GCP budget alerts publish to Pub/Sub, which you can wire to a Cloud Function that posts to Slack, sends email, or triggers automated remediation.

Anomaly Detection: Catching What Budgets Miss

Budgets catch predictable overages. Anomalies catch surprises — a new service someone launched, a misconfigured auto-scaling policy, a data transfer cost that spiked because a logging pipeline started shipping to a different region.

Threshold-Based Detection

The simplest approach: compare today’s spend to the same day last week. If it’s more than X% higher, alert.

# Pseudocode for a daily anomaly check
import boto3
from datetime import datetime, timedelta

ce = boto3.client('ce')

today = datetime.utcnow().date()
week_ago = today - timedelta(days=7)

def get_daily_cost(date):
    result = ce.get_cost_and_usage(
        TimePeriod={
            'Start': str(date),
            'End': str(date + timedelta(days=1))
        },
        Granularity='DAILY',
        Metrics=['UnblendedCost']
    )
    return float(
        result['ResultsByTime'][0]['Total']['UnblendedCost']['Amount']
    )

today_cost = get_daily_cost(today - timedelta(days=1))
baseline_cost = get_daily_cost(week_ago)

pct_change = ((today_cost - baseline_cost) / baseline_cost) * 100

if pct_change > 25:
    # Fire alert: "Daily spend increased 25%+ vs same day last week"
    send_alert(today_cost, baseline_cost, pct_change)

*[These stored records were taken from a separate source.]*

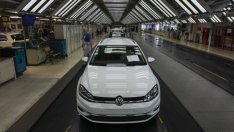 Golf отстъпва на Peugeot короната в Европа и през февруари 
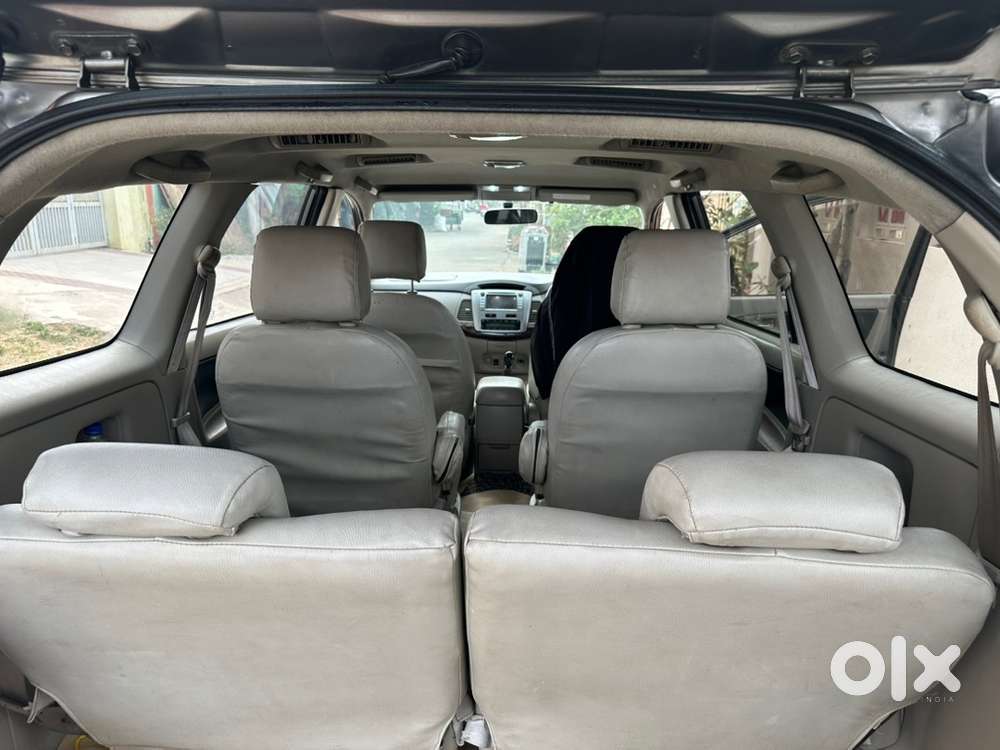 Toyota Innova 2012 Diesel Well Maintained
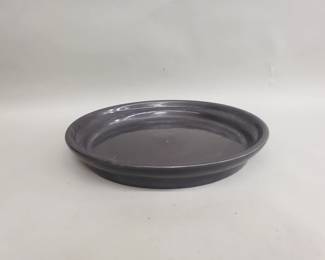 467 Lot 142 Vintage USA pottery plant saucer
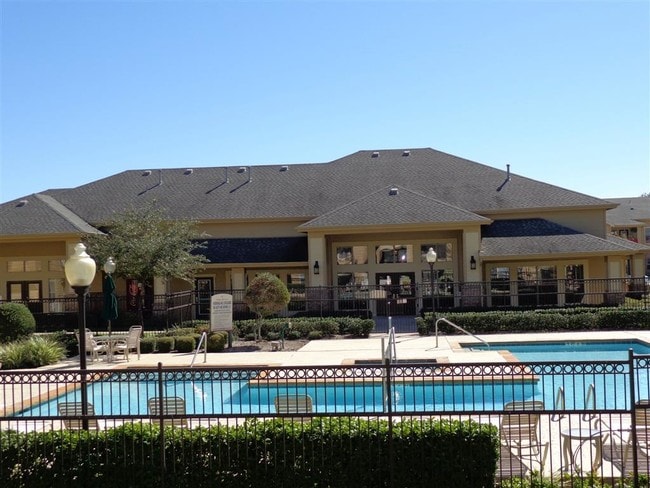 Photo - Pinnacle Pointe Apartments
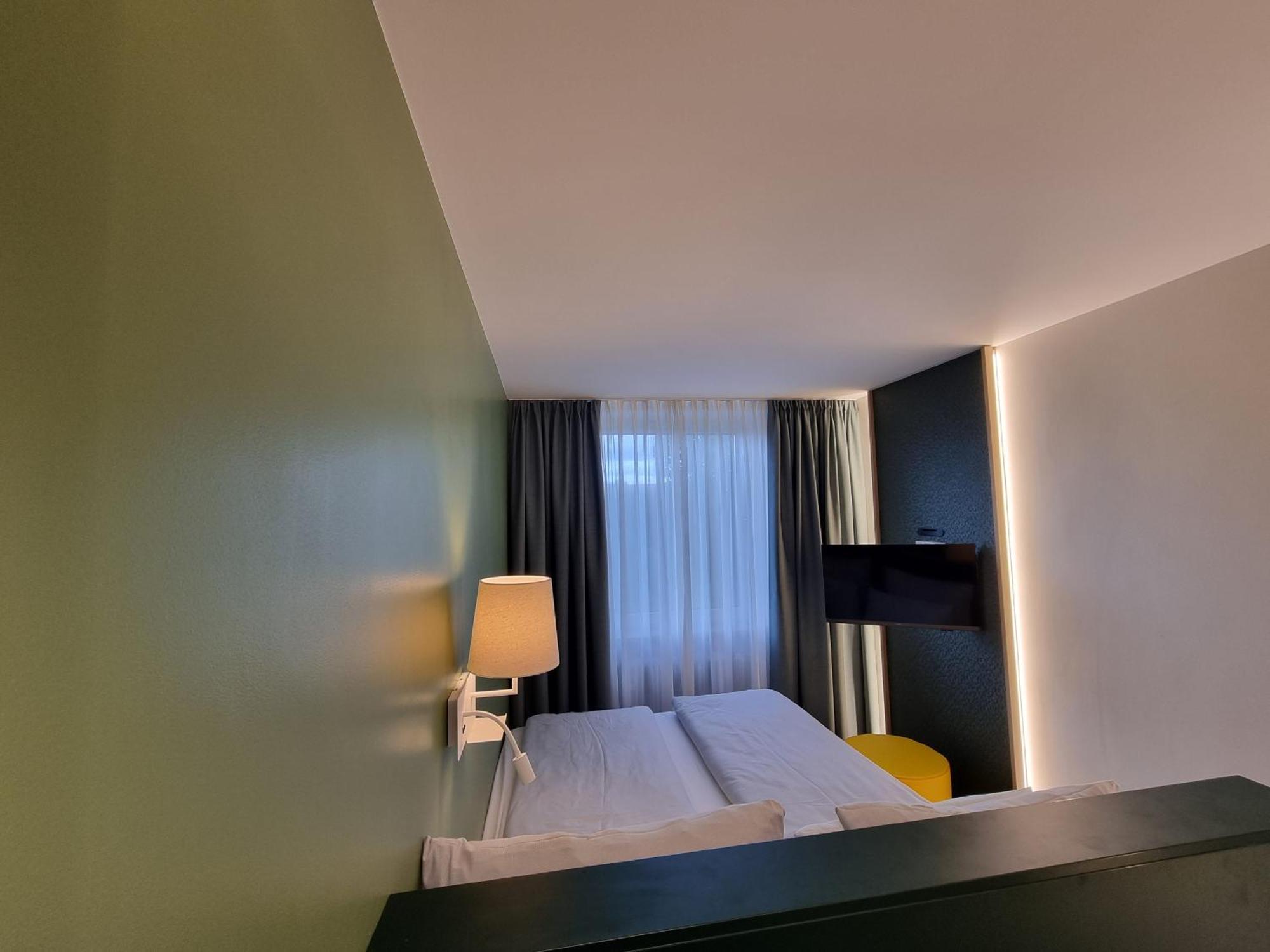 Standard Queen Room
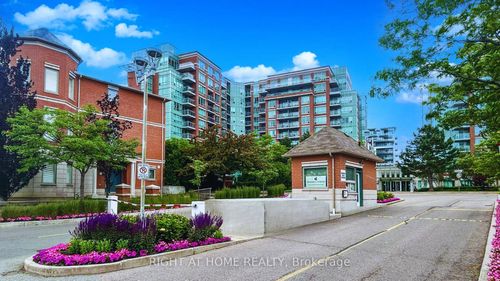622-48 Suncrest Blvd, Thornhill, ON, L3T7Y5 | Card Image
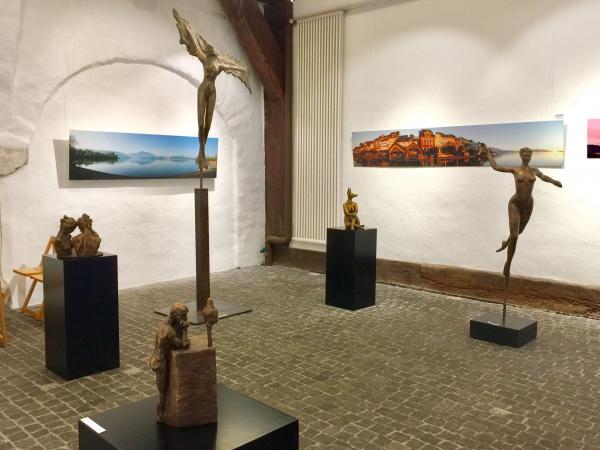 Kunstausstellung in Altstadthalle Zug 2021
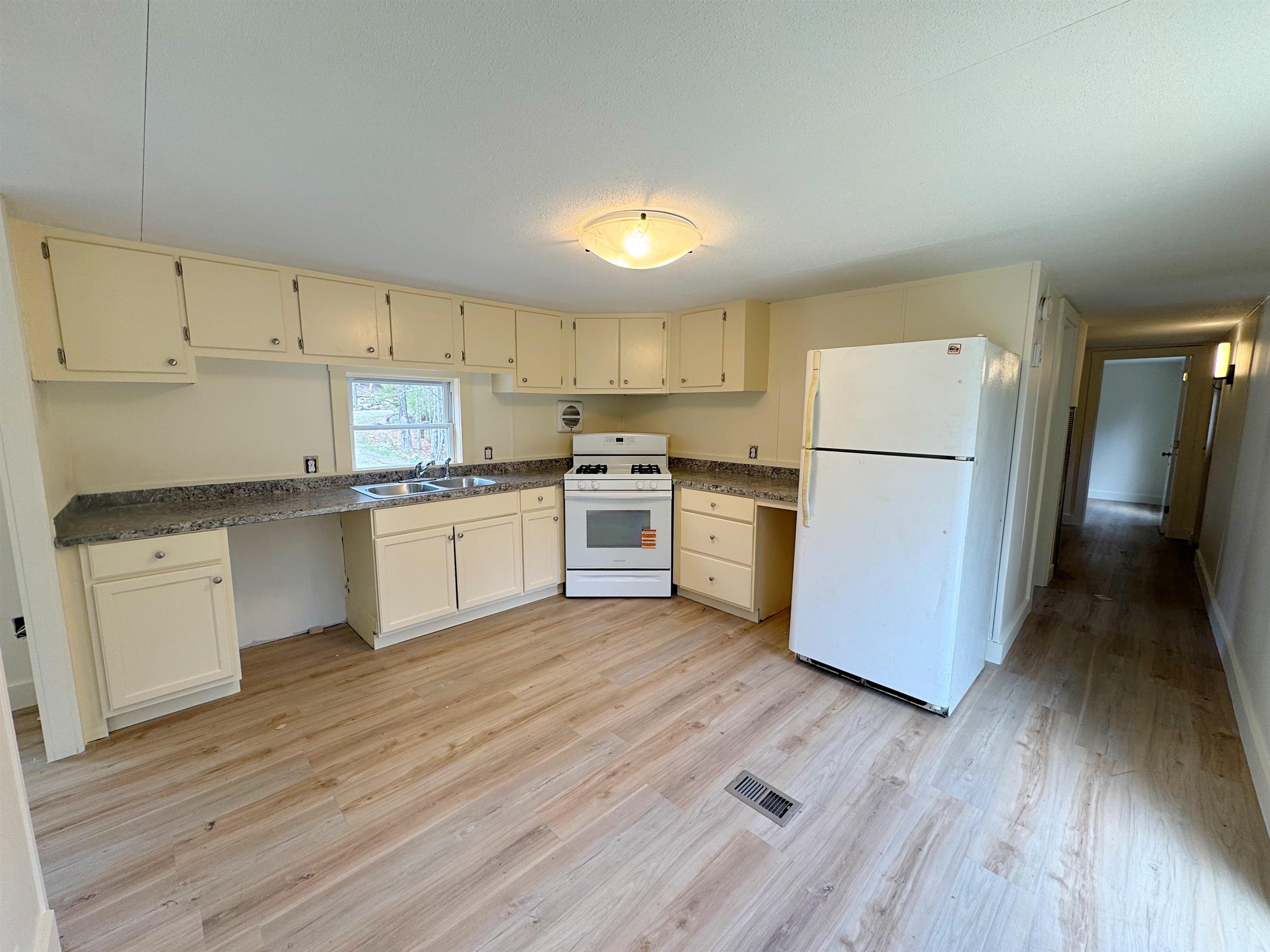 137 Keyes Hollow Rd, Lempster, NH 03605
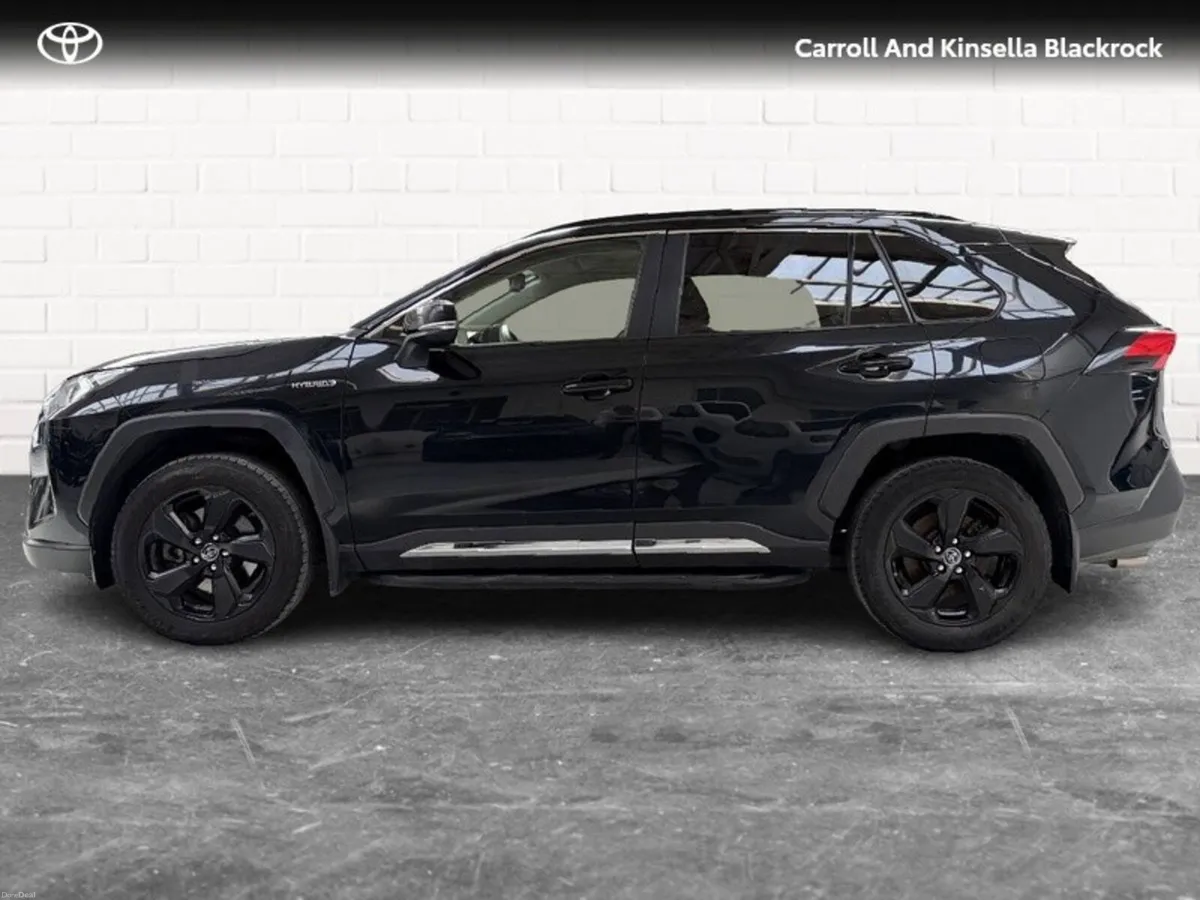 Toyota RAV4 Hybrid Sol 2WD - Image 3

This catches the obvious stuff. But it has blind spots: if your costs are growing steadily at 5% per week, the weekly comparison never fires because each day is only slightly above the previous week.

Better: Rolling Average Comparison

Compare the last 3 days against the trailing 30-day average. This catches both sudden spikes and gradual drift:

# Get 30-day cost breakdown
result = ce.get_cost_and_usage(
    TimePeriod={
        'Start': str(today - timedelta(days=30)),
        'End': str(today)
    },
    Granularity='DAILY',
    Metrics=['UnblendedCost'],
    GroupBy=[{'Type': 'DIMENSION', 'Key': 'SERVICE'}]
)

# Calculate per-service rolling averages
# Alert if any service's 3-day average exceeds 30-day average by 40%+

Grouping by service is important. A 10% increase in total spend could be normal growth. But a 200% increase in a single service — like CloudWatch suddenly costing 5x more because someone enabled detailed monitoring on 500 instances — is almost always a problem.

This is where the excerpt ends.